La llama negra es también, en otra perspectiva, un reservorio de las pasiones humanas: la concupiscencia de esa Carmen de carne y huesos como eje de su vida y también como efecto de una vida –la de Carmen— entreverada con el dispendio moral de su padre y las omisiones de una madre lábil; la absurda vocación de Diego Escobar por ceder al embrujo y el veneno de la piel de Carmen, sus labios rojos, su cuerpo dispuesto, abierto, procaz; su ardiente insolencia sexual. Esa humana manía que no sacia la avidez del deseo, que nunca es colmada y reclama siempre más en una lujuria dispendiosa que es cima, sino  y sima de Carmen y Diego.

En ese reservorio de pasiones humanas finamente trazado por Sally Avigdor tiene también cabida el temperamento vital y diferente de Joaquín Jarana –monstruo y genio a la vez— a quien persigue el recuerdo de su abuelo, su ausencia física como legado vital, y, finalmente, pero no al final, la pasión por el baile y la vida que Tania Carmona tuvo y perdió sobre un tablao y convirtió en llama negra de venganza entre los vulgares hedores de un hotel cutre.

La llama negra es una novela pasional, directa, brutal, tensada por los aires jondos que con excelsitud recrea Sally Avigdor engarzados en la montura sin par de las noches madrileñas y neoyorquinas. Es también Sally Avigdor dueña, y por mucho, de un estilo contundente evidenciado en esta primera novela donde los tiempos se cruzan; van, vienen, avanzan, retroceden y son atroces, felices y desdichados como solo la vida misma puede llegar a serlo en el preciso momento donde se trasciende la frontera que va de la fractura al deshielo, tal y como viaja esta obra en donde cada personaje juega con precisión un papel hilado finamente sobre la trama de esta narración escrita desde la entraña misma de la pasión y que sólo desde esa misma entraña ha de leerse.

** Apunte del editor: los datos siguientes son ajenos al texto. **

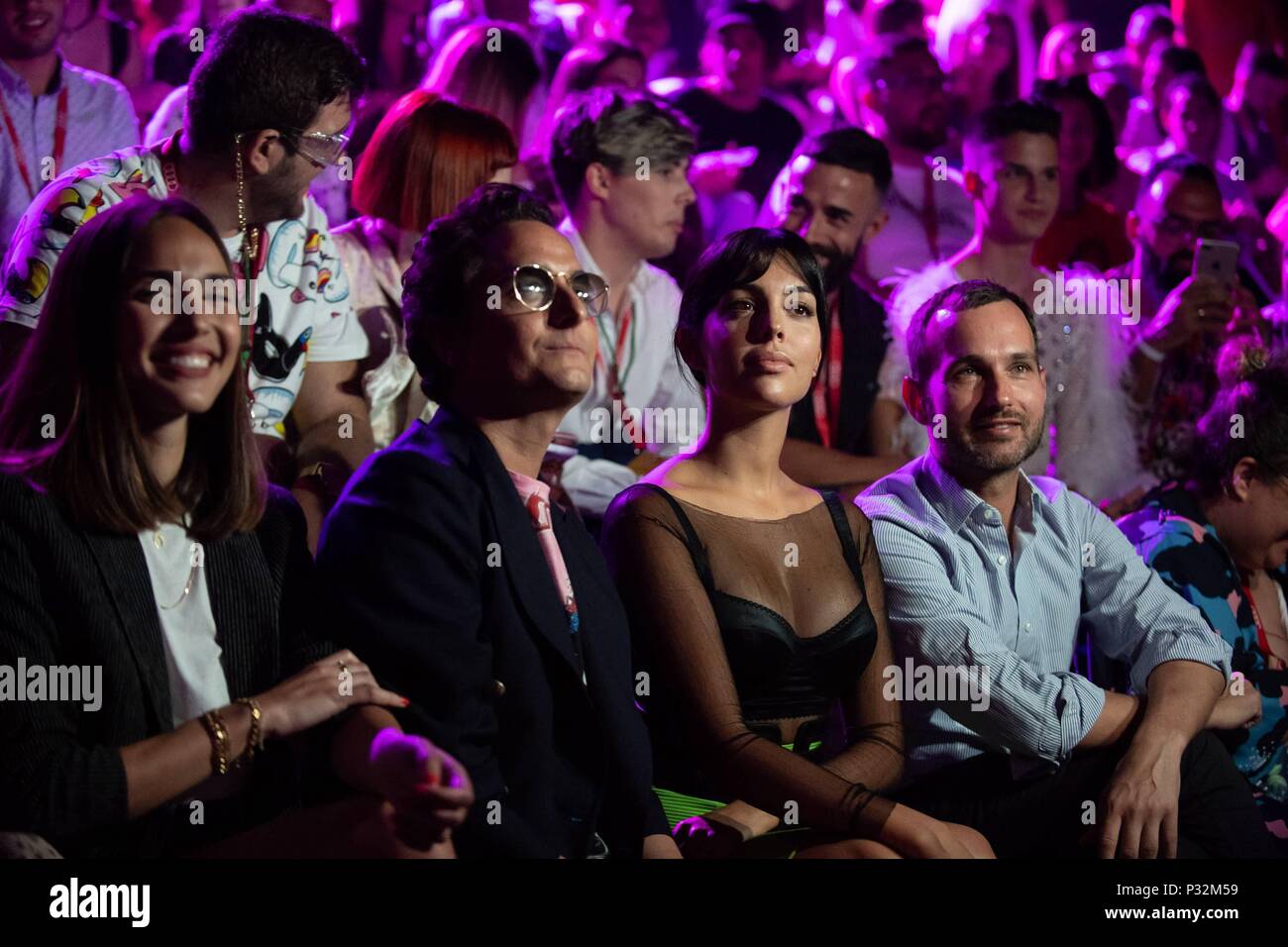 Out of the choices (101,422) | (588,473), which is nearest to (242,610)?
(101,422)

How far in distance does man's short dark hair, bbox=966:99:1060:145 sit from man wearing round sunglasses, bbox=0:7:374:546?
Answer: 79.1 inches

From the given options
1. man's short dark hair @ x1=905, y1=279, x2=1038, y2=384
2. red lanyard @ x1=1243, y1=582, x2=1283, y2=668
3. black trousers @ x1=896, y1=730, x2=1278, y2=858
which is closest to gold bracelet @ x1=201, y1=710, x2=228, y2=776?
black trousers @ x1=896, y1=730, x2=1278, y2=858

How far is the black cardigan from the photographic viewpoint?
188 centimetres

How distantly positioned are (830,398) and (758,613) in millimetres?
1605

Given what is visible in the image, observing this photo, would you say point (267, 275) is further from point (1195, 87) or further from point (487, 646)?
point (1195, 87)

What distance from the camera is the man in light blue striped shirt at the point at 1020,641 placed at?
8.54 ft

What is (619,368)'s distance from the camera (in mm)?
3871

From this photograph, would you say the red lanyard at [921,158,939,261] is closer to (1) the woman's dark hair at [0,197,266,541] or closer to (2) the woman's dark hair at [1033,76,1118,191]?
(2) the woman's dark hair at [1033,76,1118,191]

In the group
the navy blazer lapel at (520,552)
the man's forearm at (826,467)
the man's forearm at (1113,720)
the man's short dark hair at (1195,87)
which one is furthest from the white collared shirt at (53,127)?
the man's short dark hair at (1195,87)

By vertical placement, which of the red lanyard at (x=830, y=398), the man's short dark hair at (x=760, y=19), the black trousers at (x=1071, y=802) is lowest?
the black trousers at (x=1071, y=802)

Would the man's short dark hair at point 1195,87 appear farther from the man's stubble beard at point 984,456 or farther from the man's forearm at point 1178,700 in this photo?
the man's forearm at point 1178,700

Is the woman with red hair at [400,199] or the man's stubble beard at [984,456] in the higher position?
the woman with red hair at [400,199]
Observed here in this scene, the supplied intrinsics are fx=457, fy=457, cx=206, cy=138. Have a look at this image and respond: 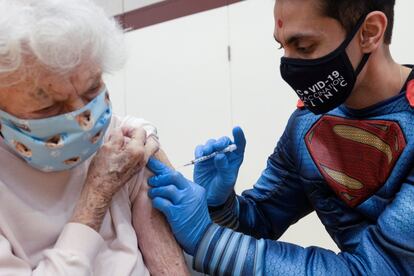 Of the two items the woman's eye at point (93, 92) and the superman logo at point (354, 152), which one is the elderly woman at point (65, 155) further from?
the superman logo at point (354, 152)

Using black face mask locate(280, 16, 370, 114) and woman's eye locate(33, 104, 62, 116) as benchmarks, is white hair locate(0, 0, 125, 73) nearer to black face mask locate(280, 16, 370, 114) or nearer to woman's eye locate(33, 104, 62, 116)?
woman's eye locate(33, 104, 62, 116)

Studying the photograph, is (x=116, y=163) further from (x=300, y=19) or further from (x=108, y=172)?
(x=300, y=19)

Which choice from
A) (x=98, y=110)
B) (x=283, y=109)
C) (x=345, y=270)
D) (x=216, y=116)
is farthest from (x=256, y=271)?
(x=216, y=116)

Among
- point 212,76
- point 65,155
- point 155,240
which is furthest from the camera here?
point 212,76

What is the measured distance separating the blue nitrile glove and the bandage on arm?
22 millimetres

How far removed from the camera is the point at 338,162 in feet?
4.86

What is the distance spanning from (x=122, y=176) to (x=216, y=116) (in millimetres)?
2067

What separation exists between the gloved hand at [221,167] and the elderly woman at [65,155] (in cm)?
38

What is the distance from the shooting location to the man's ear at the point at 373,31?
131 centimetres

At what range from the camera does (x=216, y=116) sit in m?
3.20

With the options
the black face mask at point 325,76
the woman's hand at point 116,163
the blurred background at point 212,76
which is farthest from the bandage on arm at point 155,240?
the blurred background at point 212,76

No exagero si digo que en La llama negra Sally Avigdor nos ha dado no sólo a Tania, Carmen, el Negro, Diego, Prado, don Antonio o a Joaquín Jarana. También nos ha dado una muestra de cuán vital puede ser una novela y de cuán vital es el idioma; del enorme piélago que recubre al arte, de la viveza y la perdurabilidad de éste y que en el acto de escribir y leer todos los sentidos intervienen para demostrar una y otra vez, incansablemente, que sólo desde las entrañas de la pasión amalgamadas con el don y el oficio, es posible, vital y necesario, escribir y acometer la vida como Tania, como Carmen, como Diego Escobar y como Sally Avigdor cuando su llama escritural arde. “Y luego, como si todo ese fuego/le fuera insuficiente, lo recoge,/lo arroja al suelo y, altiva, lo mira:/la llama persiste, no cede, aún arde”. Sombra liberada “en los relojes solares” de estos días de otoño. (Sally Avigdor, La llama negra Ediciones Cal y Arena, México, 2015, 254 pp.).